Enfin, lorsqu on aura signalé que toutes les pieces de ces voitures sont usinées avec le plus grand soin et que tous les matériaux sont de toute première qualité, les clients pourront être assurés qu'ils auront des véhicules admirablement construits et dont toutes les pièces sont absolument INTERCHANGEABLES.

On sait maintenant ce qu'est la voiture, mais on se demande que peut-elle faire ?

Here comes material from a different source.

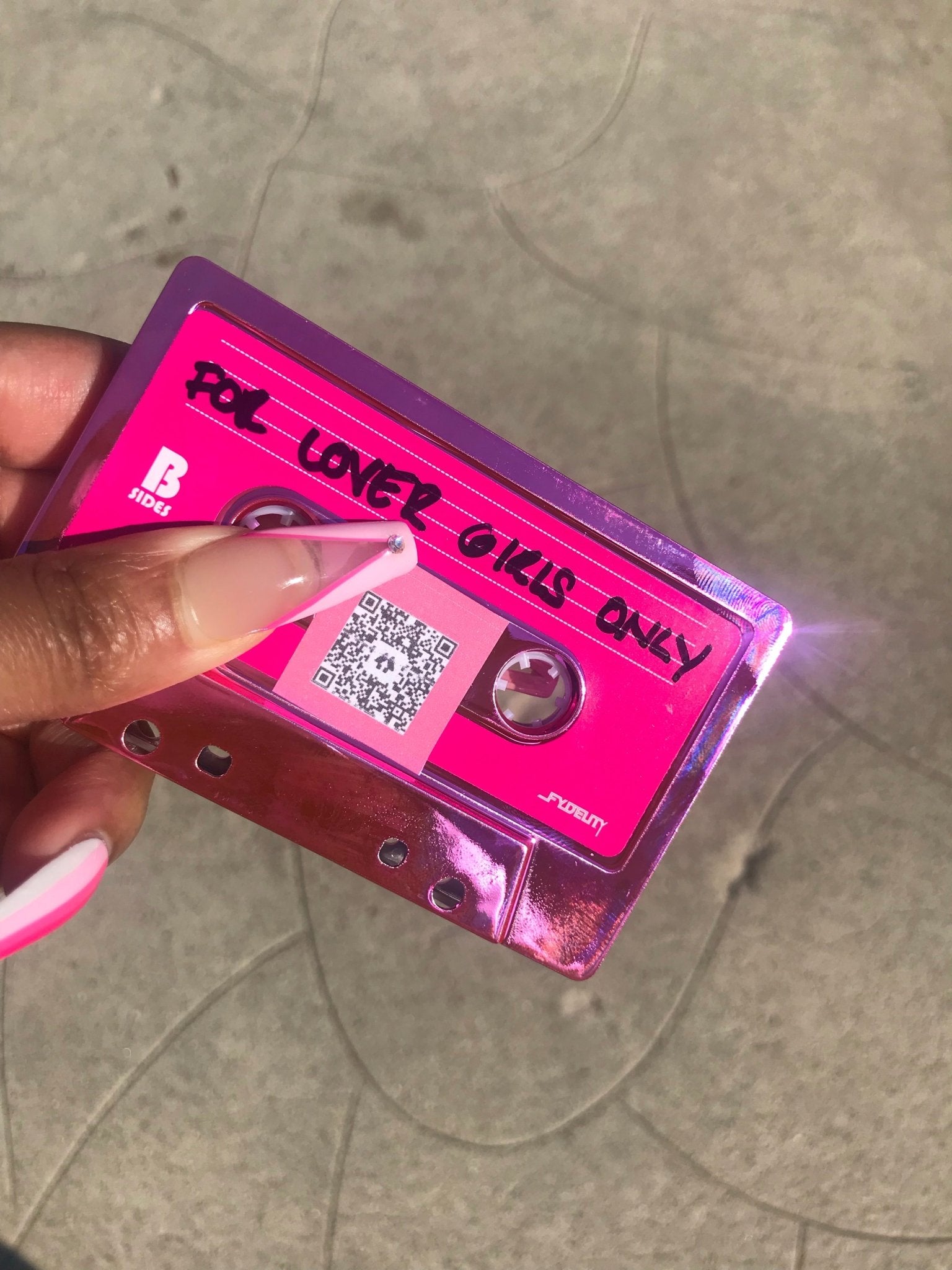 For Lover Girls Only Playlist Cassette Tape - Ambition Is The New Pink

A cette question, la réponse est facile. La voiture Chameroy peut faire tout ce que fait une voiture de même force et même poids, mais elle le fait plus facilement et plus économiquement. Tout cela, c'est le catalogue qui le dit. Il est probable que comme tous les catalogues, sans être du Midi, il exagère un peu — cependant l'idée est séduisante et certes plus d'un esprit clairvoyant a prédit à la courroie un brillant avenir — sans aller si loin, il n'est pas un mécanicien, un automobiliste ayant pratiqué les voitures d'autrefois, qui ne soit prêt à reconnaître que rien ne vaut la courroie comme moyen de transmission, quand elle est tendue à point et que seules les difficultés qu'il y avait à vaincre pour assurer la tension ont été cause de son abandon. Ces difficultés semblent être réduites à néant par le système Chameroy.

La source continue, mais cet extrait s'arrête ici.